25 Julho 2017
“O Evangelho é o reconhecimento vigilante e profético de um ‘nós’ que atravessa a consciência e a história dos sujeitos: é o dom de se reconhecer reconhecido. Tirar os sapatos diante da bendita autoridade do outro, hoje, encontra dificuldades e oportunidades, como sempre aconteceu, mesmo que hoje ocorra de modo novo e um novo mundo.”
A análise é do teólogo italiano Andrea Grillo, professor do Pontifício Ateneu Sant’Anselmo, em Roma, do Instituto Teológico Marchigiano, em Ancona, e do Instituto de Liturgia Pastoral da Abadia de Santa Giustina, em Pádua. O artigo foi publicado na revista Rocca, n. 3, 01-07-2017. A tradução é de Moisés Sbardelotto.
A “mudança de época” que a Amoris laetitia do Papa Francisco sabe reconhecer e atestar com grande eficácia torna-se particularmente significativa se for enquadrada no horizonte daquela que podemos chamar de “sociedade aberta”.
A pergunta radical que atravessa todo o texto ressoa assim: como dizer o “nós matrimonial” na sociedade aberta? Essa pergunta é visceral há pelo menos 200 anos.
A. Tocqueville, no seu ensaio sobre “A democracia na América”, já havia intuído a questão em toda a sua decisão: a revolução “rompe a corrente, mas também separa os anéis individuais...”. E muitas das “ciências humanas” que surgiram no século XIX e XX punham-se como objetivo entender a possibilidade do “nós” em relação a uma sociedade que ia se individualizando cada vez mais.
Gostaria de tentar propor sinteticamente o “relato” da história desse “nós”, que mudou de forma, estilo e linguagem, a partir de meados dos anos 1800, até chegar à Amoris laetitia. Com efeito, o texto da Amoris laetitia é a oficialização de um “trânsito” importante, para se continuar a poder dizer “nós”, mas sem o estilo do século XIX e da primeira metade do século XX. É um caso, emblemático e poderoso, de “tradução da tradição”.

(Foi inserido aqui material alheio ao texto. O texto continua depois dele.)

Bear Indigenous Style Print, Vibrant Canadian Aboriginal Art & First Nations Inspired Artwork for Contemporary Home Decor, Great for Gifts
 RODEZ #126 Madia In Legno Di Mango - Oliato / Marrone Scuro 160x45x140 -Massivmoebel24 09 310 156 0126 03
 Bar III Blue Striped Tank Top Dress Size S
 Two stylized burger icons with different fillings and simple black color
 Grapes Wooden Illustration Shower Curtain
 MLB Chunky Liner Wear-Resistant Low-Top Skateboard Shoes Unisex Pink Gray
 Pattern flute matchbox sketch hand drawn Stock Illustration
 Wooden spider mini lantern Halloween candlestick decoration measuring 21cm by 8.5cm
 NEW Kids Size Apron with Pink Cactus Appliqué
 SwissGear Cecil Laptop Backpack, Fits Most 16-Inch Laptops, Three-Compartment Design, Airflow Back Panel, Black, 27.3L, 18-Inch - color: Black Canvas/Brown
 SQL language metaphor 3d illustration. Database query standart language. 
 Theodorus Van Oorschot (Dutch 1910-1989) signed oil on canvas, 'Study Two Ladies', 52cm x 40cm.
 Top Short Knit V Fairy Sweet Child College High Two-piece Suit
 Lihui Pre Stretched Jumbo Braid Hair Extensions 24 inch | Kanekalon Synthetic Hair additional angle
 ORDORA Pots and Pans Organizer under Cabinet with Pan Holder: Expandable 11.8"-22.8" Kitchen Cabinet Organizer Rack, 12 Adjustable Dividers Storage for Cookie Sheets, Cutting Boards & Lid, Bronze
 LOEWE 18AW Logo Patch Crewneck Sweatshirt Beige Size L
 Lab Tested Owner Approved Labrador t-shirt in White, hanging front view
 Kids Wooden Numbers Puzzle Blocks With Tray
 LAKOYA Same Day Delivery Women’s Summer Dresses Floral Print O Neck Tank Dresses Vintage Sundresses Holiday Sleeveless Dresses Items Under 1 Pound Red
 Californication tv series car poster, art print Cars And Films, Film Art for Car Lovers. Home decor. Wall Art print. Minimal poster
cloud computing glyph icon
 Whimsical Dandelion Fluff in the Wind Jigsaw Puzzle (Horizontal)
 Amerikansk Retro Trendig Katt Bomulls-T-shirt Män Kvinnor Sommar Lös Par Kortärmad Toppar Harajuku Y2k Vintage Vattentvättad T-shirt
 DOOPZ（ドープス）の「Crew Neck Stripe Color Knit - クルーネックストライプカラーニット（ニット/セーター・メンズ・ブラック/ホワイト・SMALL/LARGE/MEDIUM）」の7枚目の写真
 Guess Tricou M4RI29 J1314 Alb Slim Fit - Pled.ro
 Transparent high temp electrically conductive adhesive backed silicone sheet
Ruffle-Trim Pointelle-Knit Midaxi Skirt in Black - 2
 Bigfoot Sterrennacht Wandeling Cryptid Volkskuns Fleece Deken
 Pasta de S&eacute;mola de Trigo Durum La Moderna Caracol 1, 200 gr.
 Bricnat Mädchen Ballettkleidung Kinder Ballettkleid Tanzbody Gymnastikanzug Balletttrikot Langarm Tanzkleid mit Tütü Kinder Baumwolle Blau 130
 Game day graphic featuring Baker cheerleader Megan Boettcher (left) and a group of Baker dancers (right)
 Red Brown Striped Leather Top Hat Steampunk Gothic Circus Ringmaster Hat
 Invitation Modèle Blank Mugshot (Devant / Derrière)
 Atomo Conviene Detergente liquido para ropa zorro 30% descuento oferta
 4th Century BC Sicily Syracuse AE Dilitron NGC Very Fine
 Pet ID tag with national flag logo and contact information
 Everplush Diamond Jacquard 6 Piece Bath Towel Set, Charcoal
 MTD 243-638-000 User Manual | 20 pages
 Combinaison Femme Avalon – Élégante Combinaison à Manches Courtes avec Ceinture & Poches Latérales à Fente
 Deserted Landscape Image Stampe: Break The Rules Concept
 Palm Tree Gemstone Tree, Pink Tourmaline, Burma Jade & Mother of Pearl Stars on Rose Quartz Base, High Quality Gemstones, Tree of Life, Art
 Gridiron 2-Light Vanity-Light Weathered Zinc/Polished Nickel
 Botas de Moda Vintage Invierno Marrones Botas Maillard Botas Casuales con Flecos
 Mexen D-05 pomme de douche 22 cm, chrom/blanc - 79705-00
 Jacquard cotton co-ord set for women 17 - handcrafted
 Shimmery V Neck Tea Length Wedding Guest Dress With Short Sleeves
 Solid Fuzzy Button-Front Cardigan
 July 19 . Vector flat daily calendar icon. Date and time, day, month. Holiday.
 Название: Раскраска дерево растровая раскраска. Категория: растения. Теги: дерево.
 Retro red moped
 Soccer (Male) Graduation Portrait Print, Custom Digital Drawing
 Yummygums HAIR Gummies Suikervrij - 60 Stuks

Gostaria de focar a minha atenção, acima de tudo, naquele que foi tal “estilo clássico” do “nós católico”, formulado, muito frequentemente, “contra” o eu que estava nascendo. Então, todo o “novo” parecia negar o nós, a sua realidade e a sua possibilidade.
Depois, gostaria de notar os passos que foram dados entre esse modelo clássico e o nosso tempo. Por fim, vou me concentrar sobre as “reviravoltas fundamentais” que a Amoris laetitia nos propõe, com autoridade e com parrésia. São apenas três passos, dois dos quais são breves e preliminares, e o terceiro – mais amplo e encorpado –, dedicado especificamente à compreensão do “Nós” que nos é oferecida pela Amoris laetitia.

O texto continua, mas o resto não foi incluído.